**Problem description:** Beginning with the line that contains "Szafki kuchenne - Biała", retype the entries below exactly, ending with the line that contains "Swaper - P2P Investing App Screenshot4". Leave out any pictures.

**Dataset:**
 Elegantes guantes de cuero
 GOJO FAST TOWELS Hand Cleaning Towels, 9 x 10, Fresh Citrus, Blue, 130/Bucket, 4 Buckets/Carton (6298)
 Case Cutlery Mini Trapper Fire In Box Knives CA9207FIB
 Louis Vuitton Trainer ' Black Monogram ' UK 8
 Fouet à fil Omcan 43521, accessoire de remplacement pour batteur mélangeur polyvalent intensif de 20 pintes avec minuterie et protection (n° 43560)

---

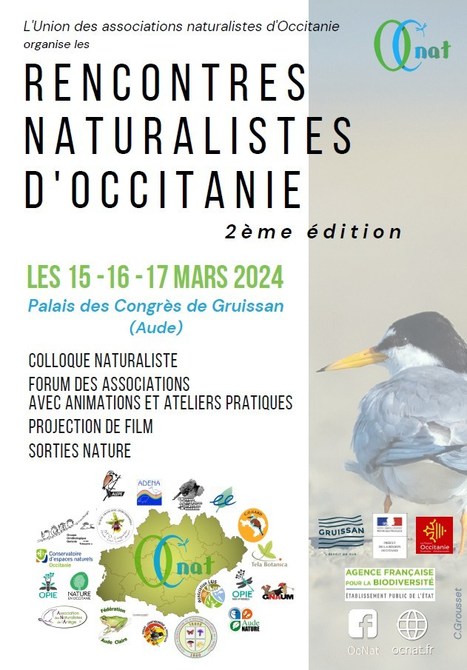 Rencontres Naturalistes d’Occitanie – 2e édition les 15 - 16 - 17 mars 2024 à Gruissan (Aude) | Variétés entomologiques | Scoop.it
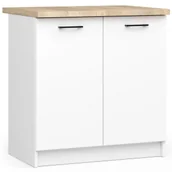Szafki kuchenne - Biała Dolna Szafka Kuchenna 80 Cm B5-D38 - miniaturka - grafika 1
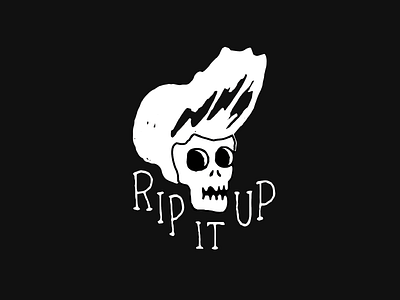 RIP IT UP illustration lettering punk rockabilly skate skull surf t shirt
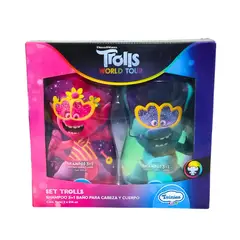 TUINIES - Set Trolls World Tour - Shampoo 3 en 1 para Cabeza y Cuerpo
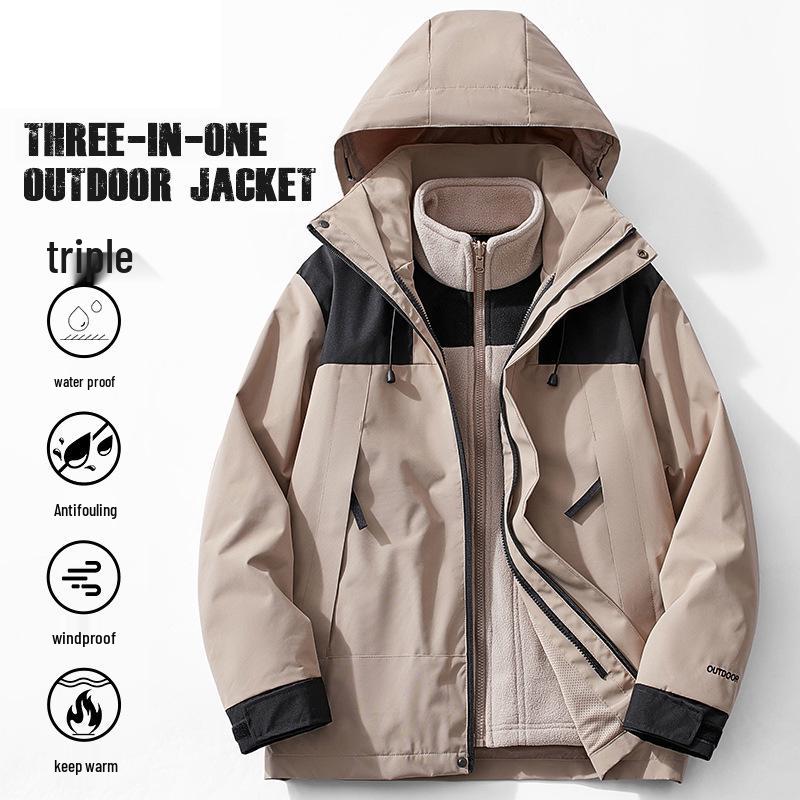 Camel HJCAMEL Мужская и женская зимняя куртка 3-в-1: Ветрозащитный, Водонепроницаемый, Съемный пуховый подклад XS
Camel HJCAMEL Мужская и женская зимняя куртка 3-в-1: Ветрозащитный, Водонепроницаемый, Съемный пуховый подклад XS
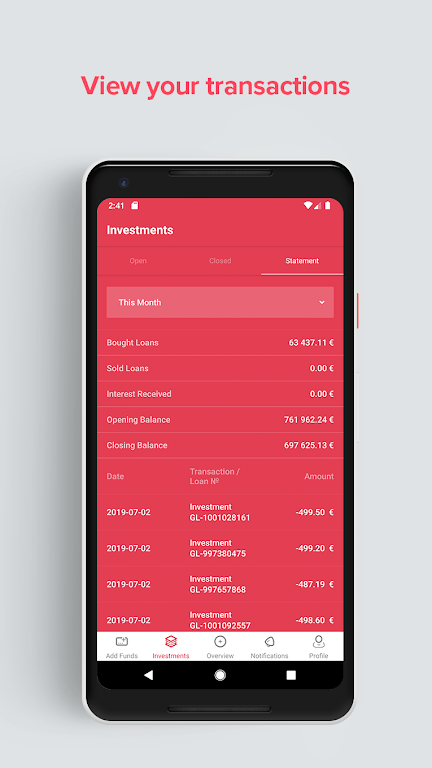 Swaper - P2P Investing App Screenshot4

**Exercise answer:**
Szafki kuchenne - Biała Dolna Szafka Kuchenna 80 Cm B5-D38 - miniaturka - grafika 1
 RIP IT UP illustration lettering punk rockabilly skate skull surf t shirt
 TUINIES - Set Trolls World Tour - Shampoo 3 en 1 para Cabeza y Cuerpo
 Camel HJCAMEL Мужская и женская зимняя куртка 3-в-1: Ветрозащитный, Водонепроницаемый, Съемный пуховый подклад XS
Camel HJCAMEL Мужская и женская зимняя куртка 3-в-1: Ветрозащитный, Водонепроницаемый, Съемный пуховый подклад XS
 Swaper - P2P Investing App Screenshot4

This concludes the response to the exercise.